Wichtig war bei diesem Prozess, die Mitarbeiter inklusive Betriebsrat von Anfang an miteinzubeziehen. „Eine wichtige Herausforderung ist zum einen, die Mitarbeiter so zu qualifizieren, dass sie mit dem Roboter arbeiten können, zum anderen ihnen klarzumachen, dass die nach der Automatisierung verbleibende Arbeit eine bessere Qualifizierung erfordert als bisher“, sagt Hans Rösch, Senior Program Manager von Vattenfall. Auch sei im Vorfeld viel investiert worden, um die digitale Strategie den Konzerns unter den Mitarbeitern zu kommunizieren, Zudem wurde und wird ihnen weiterhin die Gelegenheit gegeben, in so sogenannten DigiLabs mit den neuen Technologien zu „spielen“ und damit zu experimentieren. 

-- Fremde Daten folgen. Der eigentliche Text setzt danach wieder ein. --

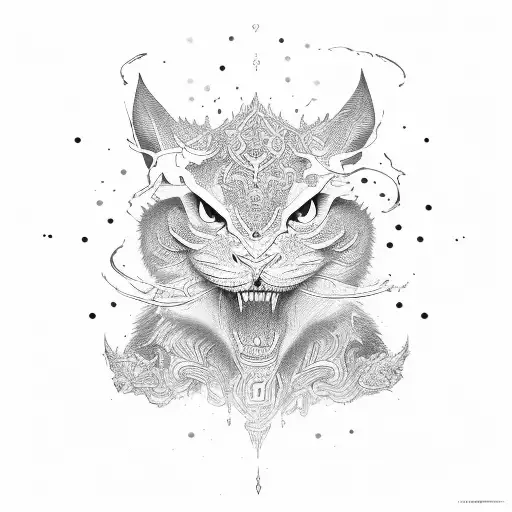 self love tattoo design idea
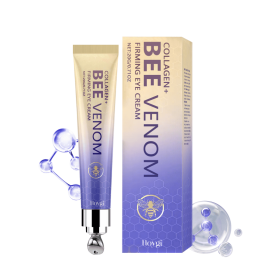 Hoygi Bee Venom Eye Cream Effectively Moisturizes The Skin Around The Eyes, Daily Care, Radiant Skincare, And Eye Cream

"Viele Unternehmen beschäftigen Mitarbeiter so, als wären sie Roboter", sagt Helmut Schmid, Geschäftsführer von United Robots. (Foto: United Robots)
„Viele Unternehmen beschäftigen Mitarbeiter so, als wären sie Roboter“, sagt Helmut Schmid, Geschäftsführer von Universal Robots. (Foto: Universal Robots)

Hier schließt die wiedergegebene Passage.